- What you have to do:
Output the listing exactly as written, apart from its pictures.

- Materials provided:
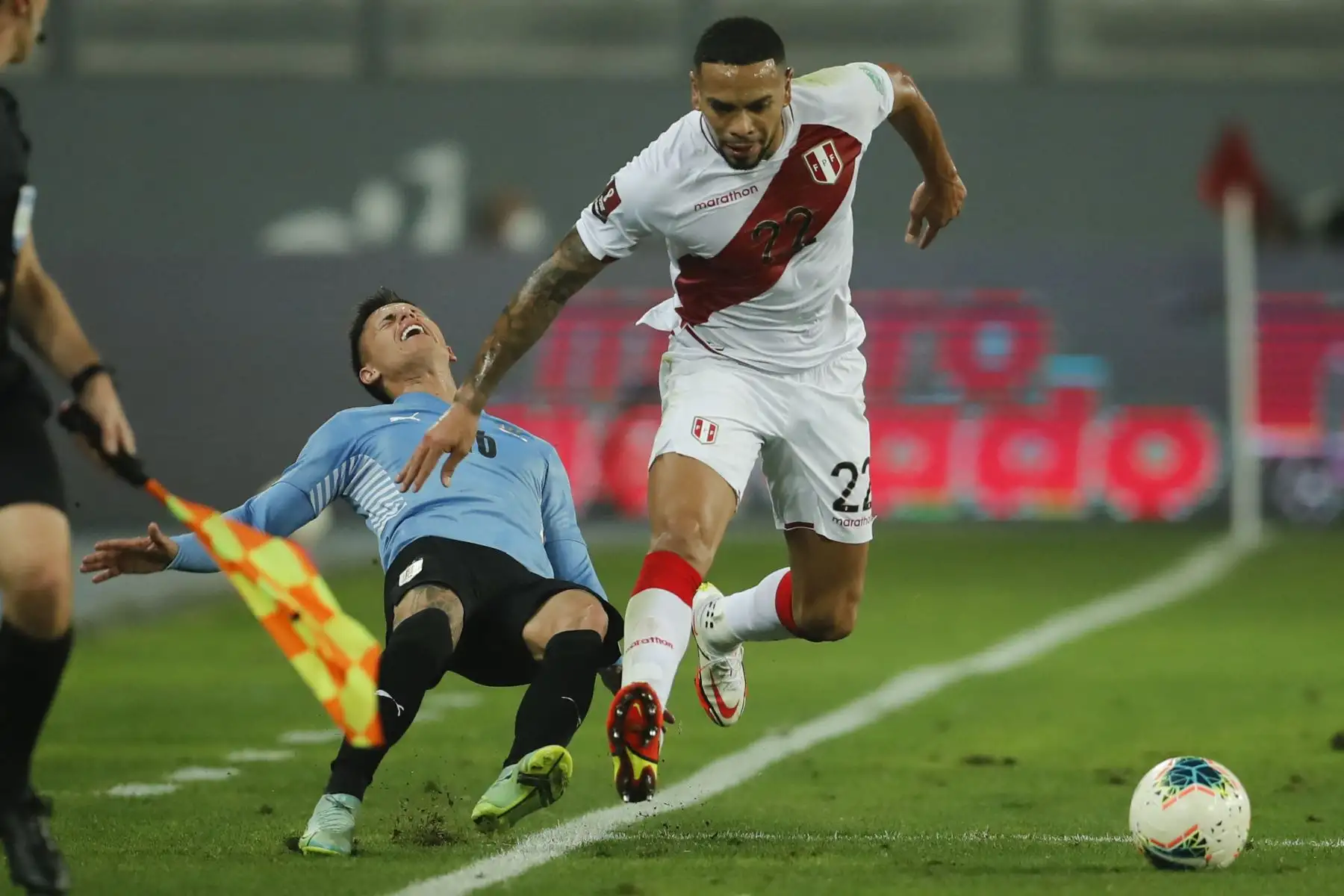 Alexander Callens, futbolista convocado para para el repechaje Catar 2022.
Foto: AFP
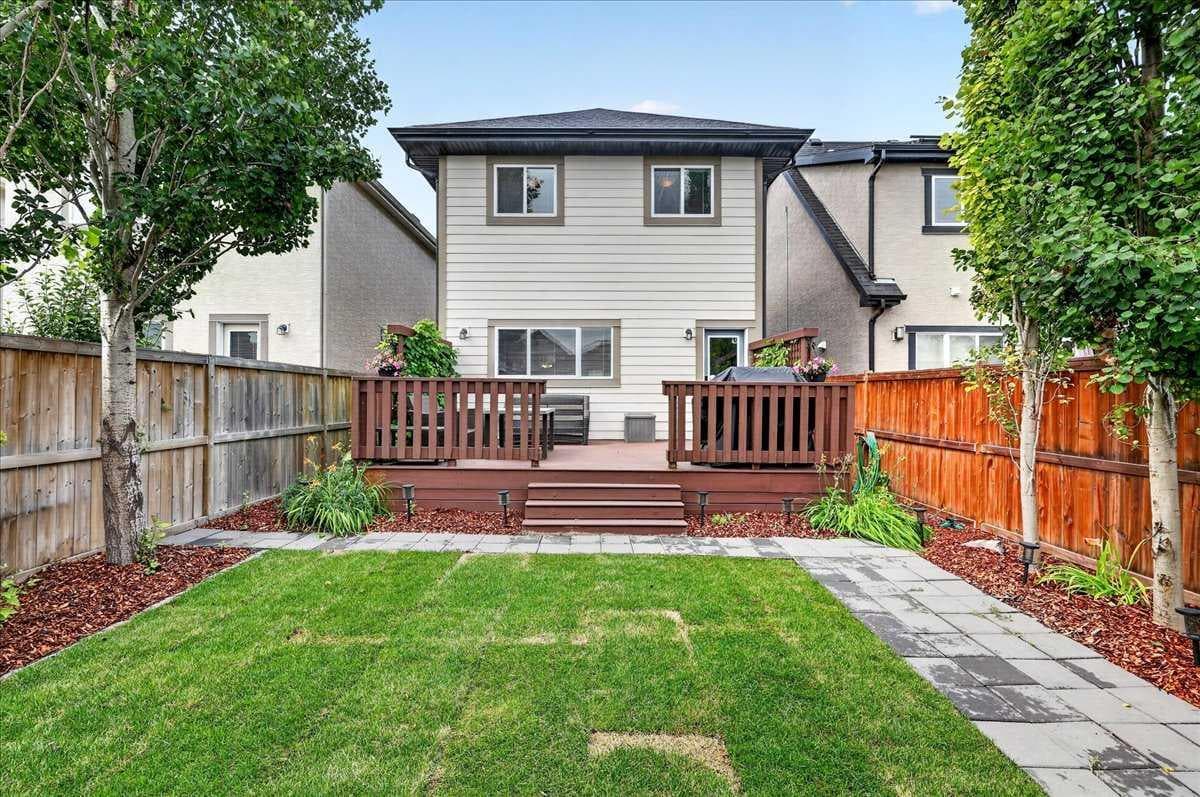60 Mahogany Grove SE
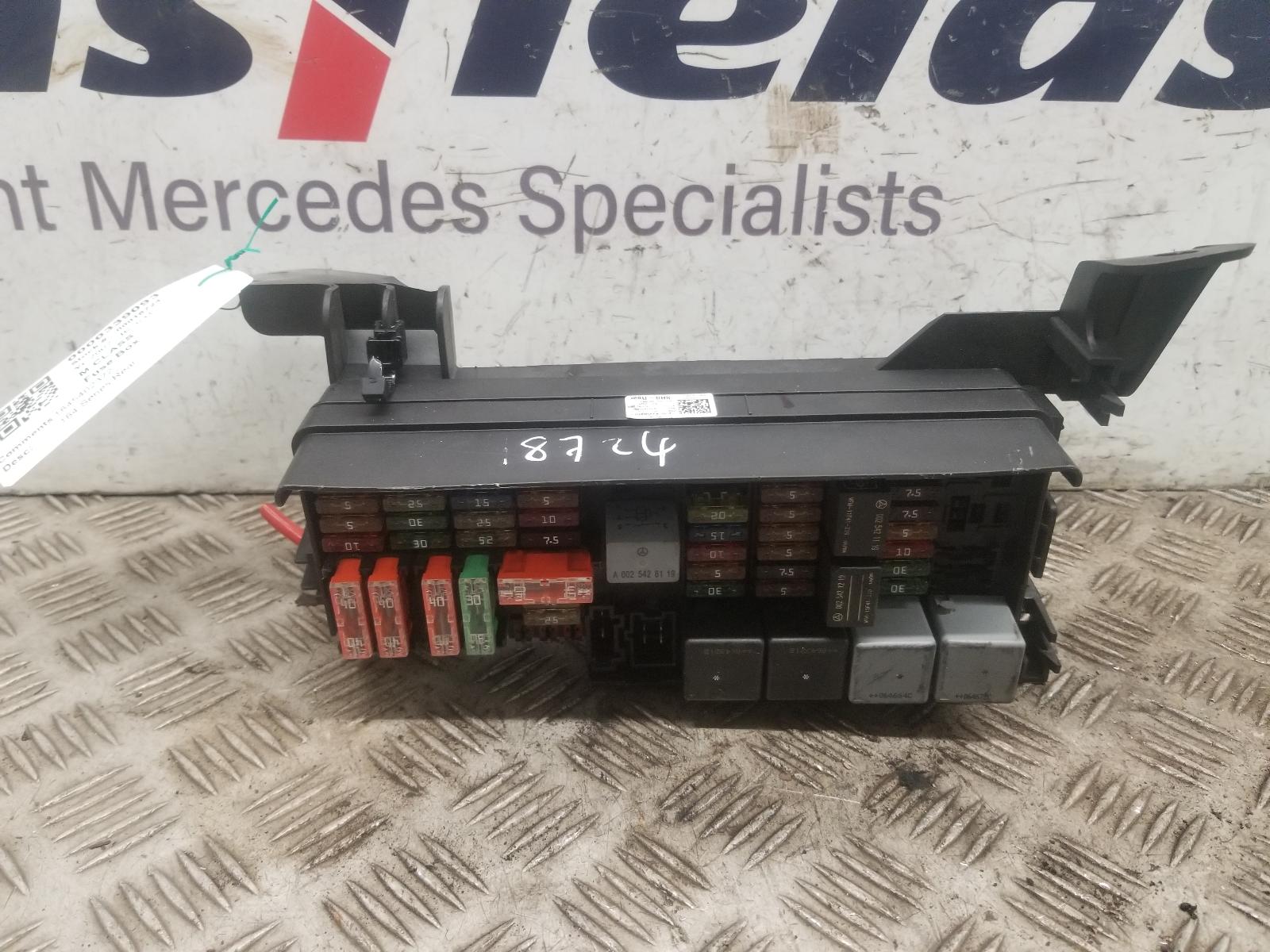 View Auto part Fuse Box Mercedes M Class 2007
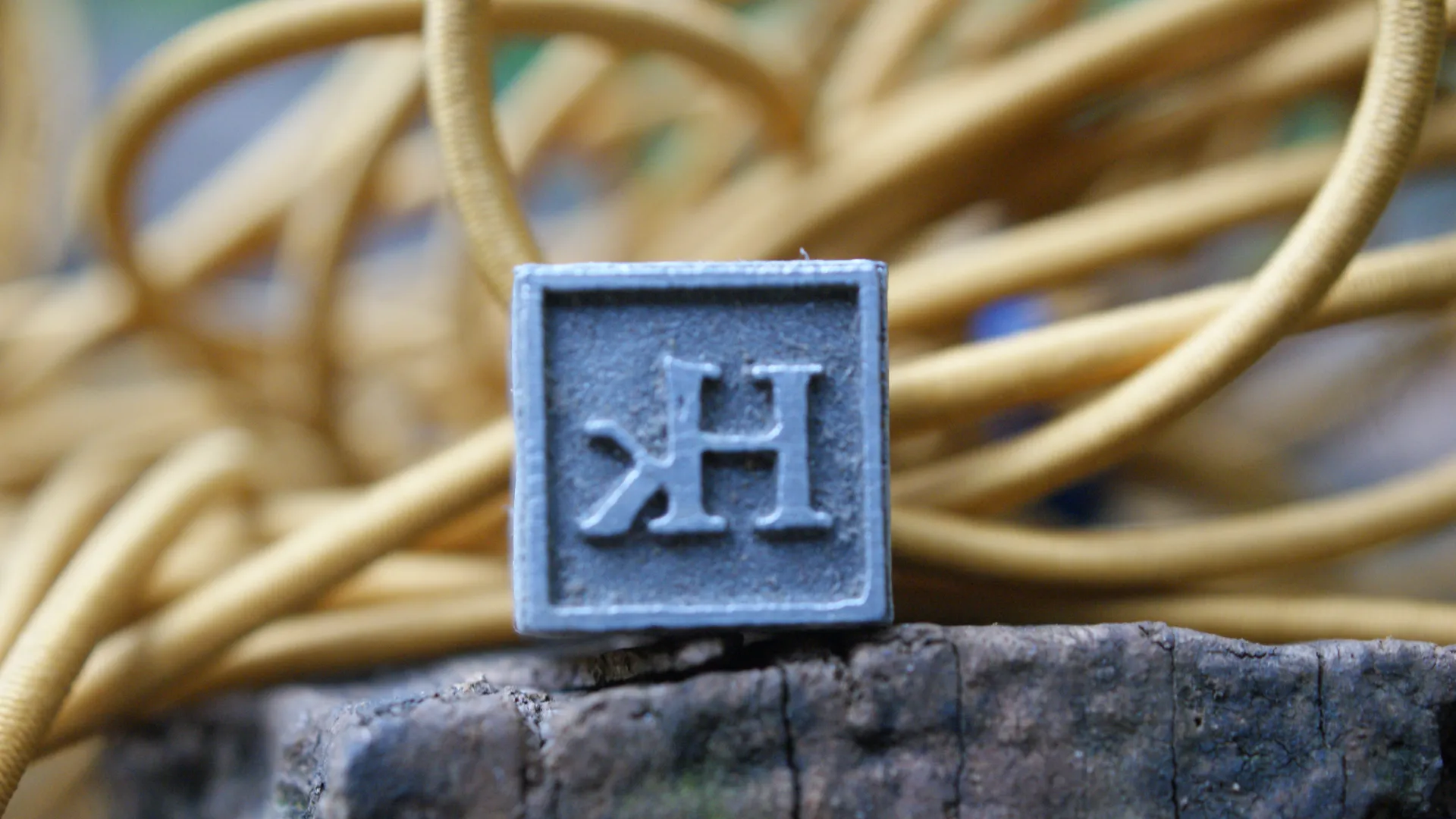 Plat Emboss Logo Hibrkraft
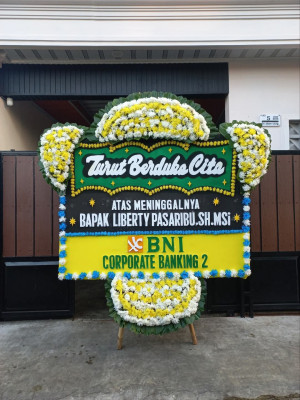 Papan Bunga Duka di Balai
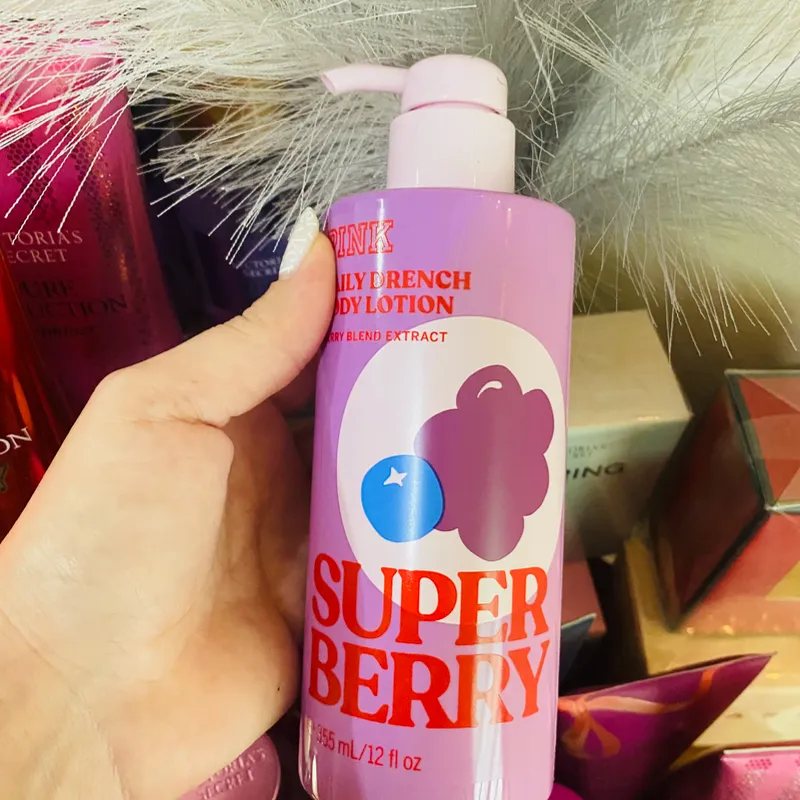 PINK DAILY DRENCH BODY LOTION SUPER BERRY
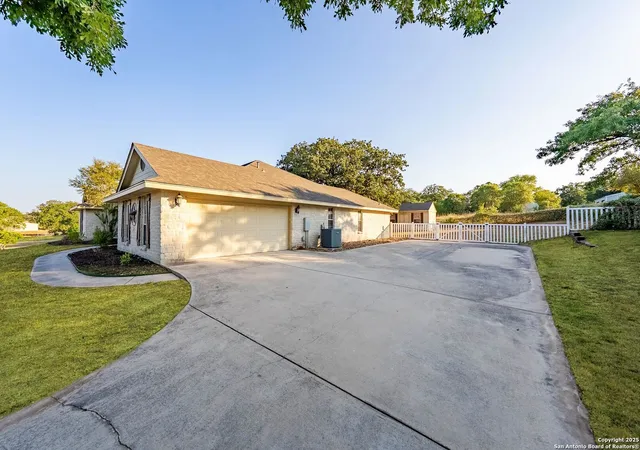 Photo 4 of Sale Pending at 1213 Hillside Oaks Dr, La Vernia, TX 78121 | MLS# 1907198 | Listing updated on 2025-12-15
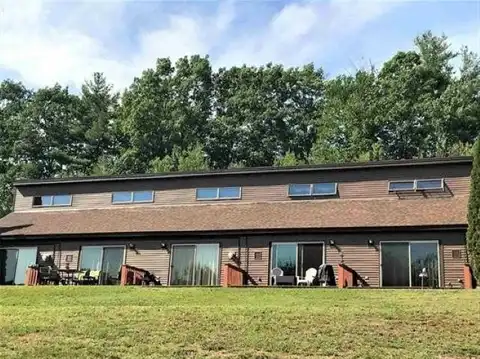 576 Francestown Road, Bennington, NH 03442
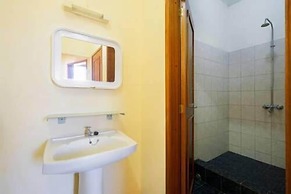 Allamanda Studios and Apartments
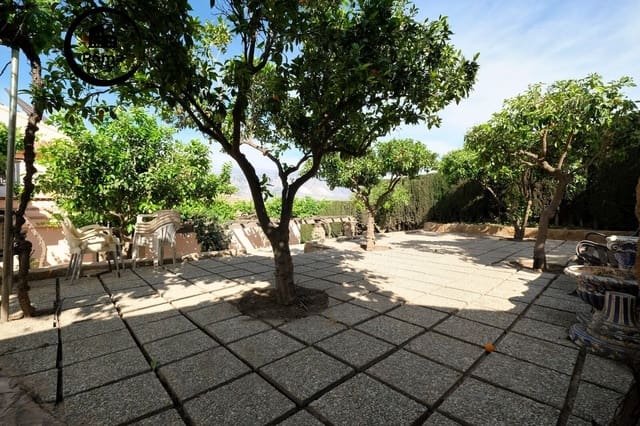 5 chambre Finca/Maison de Campagne à vendre à Padul avec piscine garage - 350 000 € (Ref: 9778294)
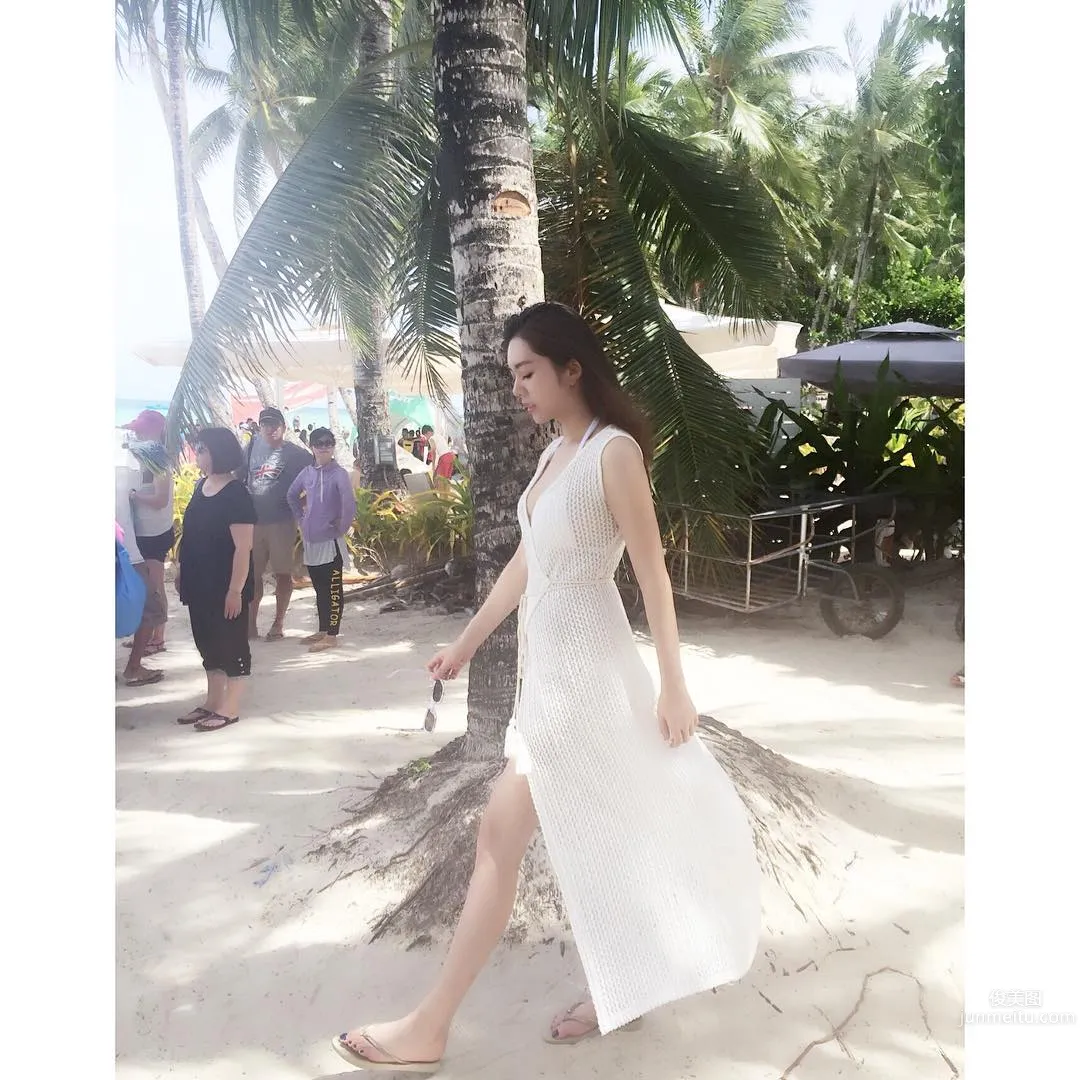 Xinxin ELLY, EVA Air Beautiful Legs Top Flight Attendant photo 3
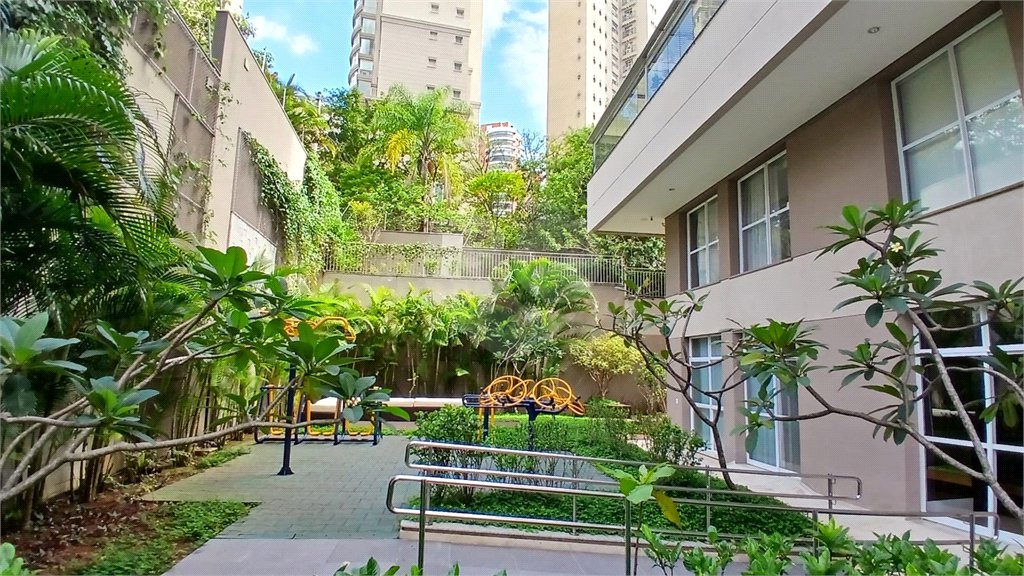 Apartamento à venda com 3 suítes em Jardim Fonte do Morumbi, São Paulo, SP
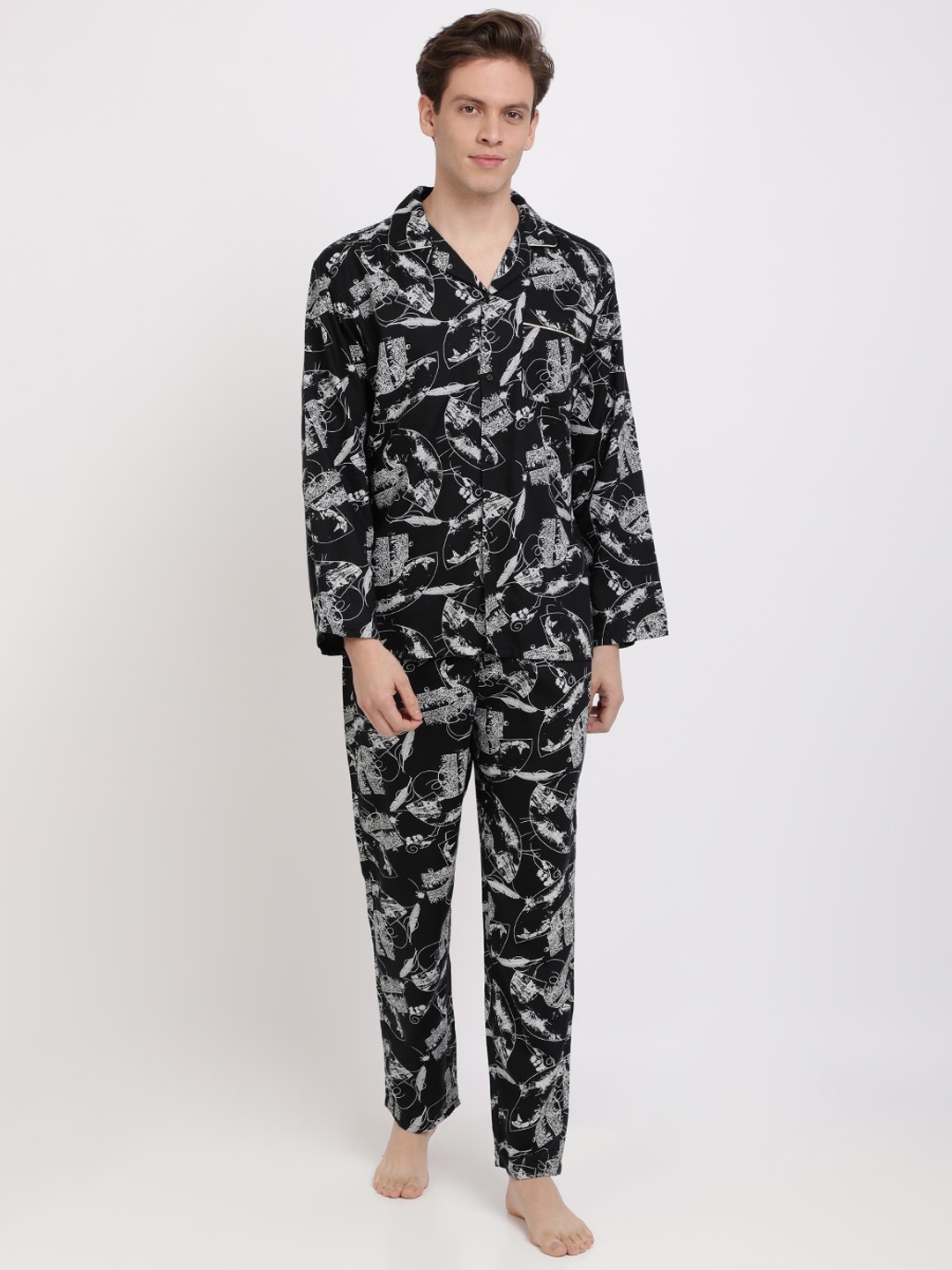 

Bene Kleed Men Black & Grey Printed Night Suit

- Solution:
 Alexander Callens, futbolista convocado para para el repechaje Catar 2022.
Foto: AFP
60 Mahogany Grove SE
 View Auto part Fuse Box Mercedes M Class 2007
 Plat Emboss Logo Hibrkraft
 Papan Bunga Duka di Balai
 PINK DAILY DRENCH BODY LOTION SUPER BERRY
 Photo 4 of Sale Pending at 1213 Hillside Oaks Dr, La Vernia, TX 78121 | MLS# 1907198 | Listing updated on 2025-12-15
 576 Francestown Road, Bennington, NH 03442
 Allamanda Studios and Apartments
 5 chambre Finca/Maison de Campagne à vendre à Padul avec piscine garage - 350 000 € (Ref: 9778294)
 Xinxin ELLY, EVA Air Beautiful Legs Top Flight Attendant photo 3
 Apartamento à venda com 3 suítes em Jardim Fonte do Morumbi, São Paulo, SP

Bene Kleed Men Black & Grey Printed Night Suit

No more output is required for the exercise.